Schon in frühen Studienjahren war es mir zudem wichtig, eine so bereichernde und gesunde Tätigkeit wie das Singen an Kinder und Jugendliche zu vermitteln, denn die Jugend ist unsere Zukunft und nicht zuletzt das Konzertpublikum von morgen. Bedauerlicherweise hat Musik - insbesondere der klassische Gesang - in unserer Gesellschaft (inklusive der Schulen!) schon lange nicht mehr den Stellenwert, den sie eigentlich haben sollte - ganz im Gegensatz zu vielen anderen europäischen Ländern insbesondere in Skandinavien und dem Baltikum. Als jemand, der das Glück hat, eine solche Stelle beim NDR innezuhaben, halte ich es geradezu für eine Pflicht, auch pädagogisch tätig zu sein. So kam es 2012 zur Gründung des Nordelbischen Knabenchores, den ich seitdem größtenteils ehrenamtlich leite und mit dem wir jährlich, neben Gottesdiensten und kleinen Gastspielen, zwei große Projekte realisieren.

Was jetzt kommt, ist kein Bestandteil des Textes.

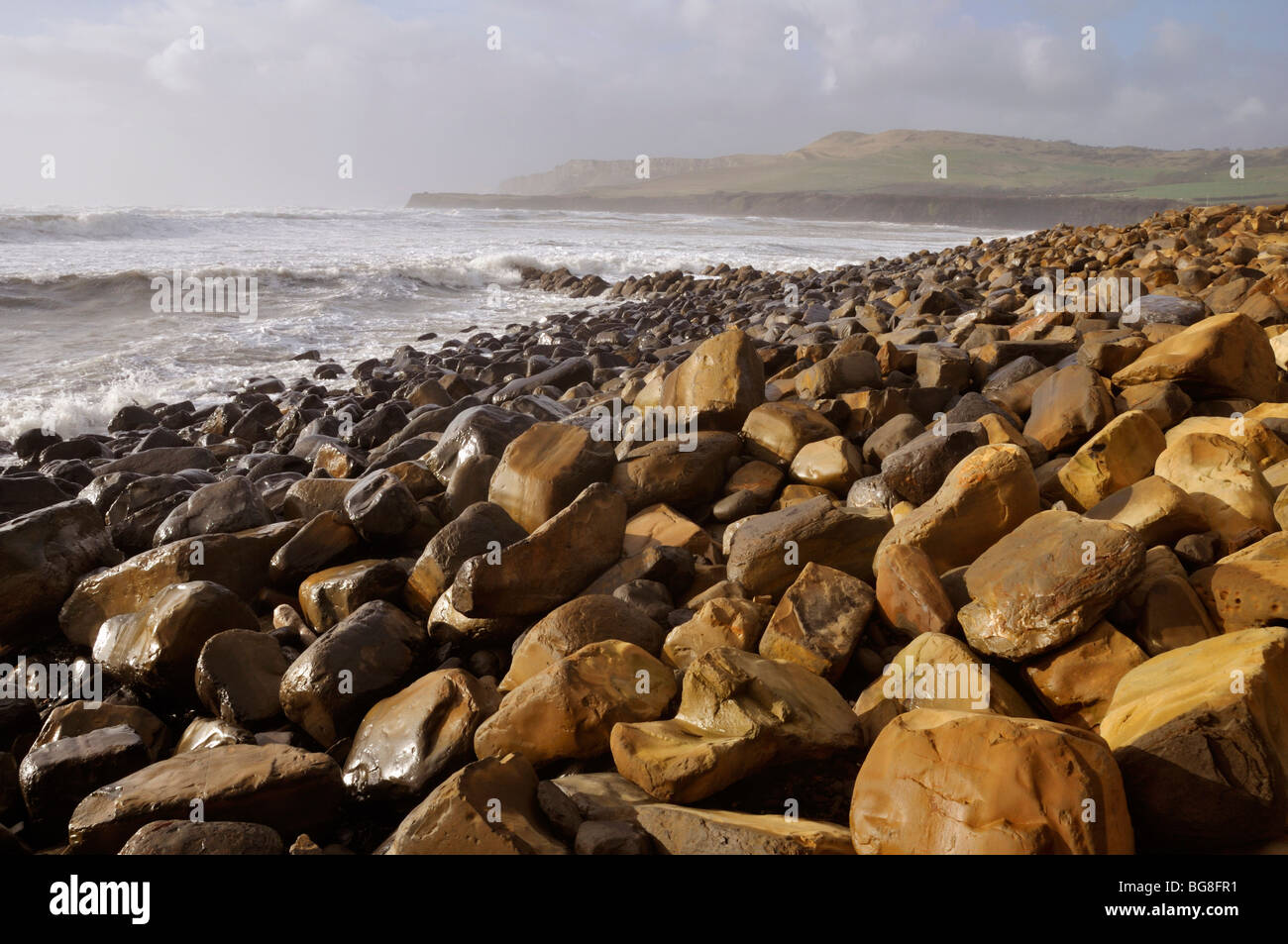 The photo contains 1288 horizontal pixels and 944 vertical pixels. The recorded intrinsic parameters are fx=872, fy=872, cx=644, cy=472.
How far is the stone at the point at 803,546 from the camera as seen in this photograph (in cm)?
305

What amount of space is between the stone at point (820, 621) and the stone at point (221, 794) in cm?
132

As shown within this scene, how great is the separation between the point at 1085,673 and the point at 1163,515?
2.42 ft

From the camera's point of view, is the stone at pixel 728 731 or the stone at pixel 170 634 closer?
the stone at pixel 728 731

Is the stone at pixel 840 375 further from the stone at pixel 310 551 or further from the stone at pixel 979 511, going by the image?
the stone at pixel 310 551

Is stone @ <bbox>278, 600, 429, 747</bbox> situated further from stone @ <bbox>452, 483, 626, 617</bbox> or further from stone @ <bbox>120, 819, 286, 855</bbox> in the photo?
stone @ <bbox>120, 819, 286, 855</bbox>

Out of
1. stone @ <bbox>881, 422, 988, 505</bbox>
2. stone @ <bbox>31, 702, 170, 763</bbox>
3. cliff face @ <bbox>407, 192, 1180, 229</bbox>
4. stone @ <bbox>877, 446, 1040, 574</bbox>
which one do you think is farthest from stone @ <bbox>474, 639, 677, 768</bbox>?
cliff face @ <bbox>407, 192, 1180, 229</bbox>

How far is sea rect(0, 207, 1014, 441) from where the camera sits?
948cm

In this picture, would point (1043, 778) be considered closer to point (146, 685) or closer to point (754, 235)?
point (146, 685)

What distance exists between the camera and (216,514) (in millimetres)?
3996

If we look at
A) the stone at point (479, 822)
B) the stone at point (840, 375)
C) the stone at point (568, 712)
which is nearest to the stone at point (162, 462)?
the stone at point (840, 375)

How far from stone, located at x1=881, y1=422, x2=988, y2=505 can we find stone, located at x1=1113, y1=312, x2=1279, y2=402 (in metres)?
0.96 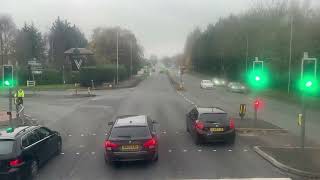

Mein außergewöhnlichstes Auftrittserlebnis:

Das war wahrscheinlich unser Auftritt beim Abschluss des 27. Kirchentages im alten Leipziger Zentralstadion 1997, zu welchem wir wie Fußballer durch den dunklen Spielertunnel hinaus aufs Spielfeld traten. Dort in der Mitte dieses riesigen Stadions von 100.000 Menschen empfangen zu werden, das war ein unglaublich intensives Erlebnis.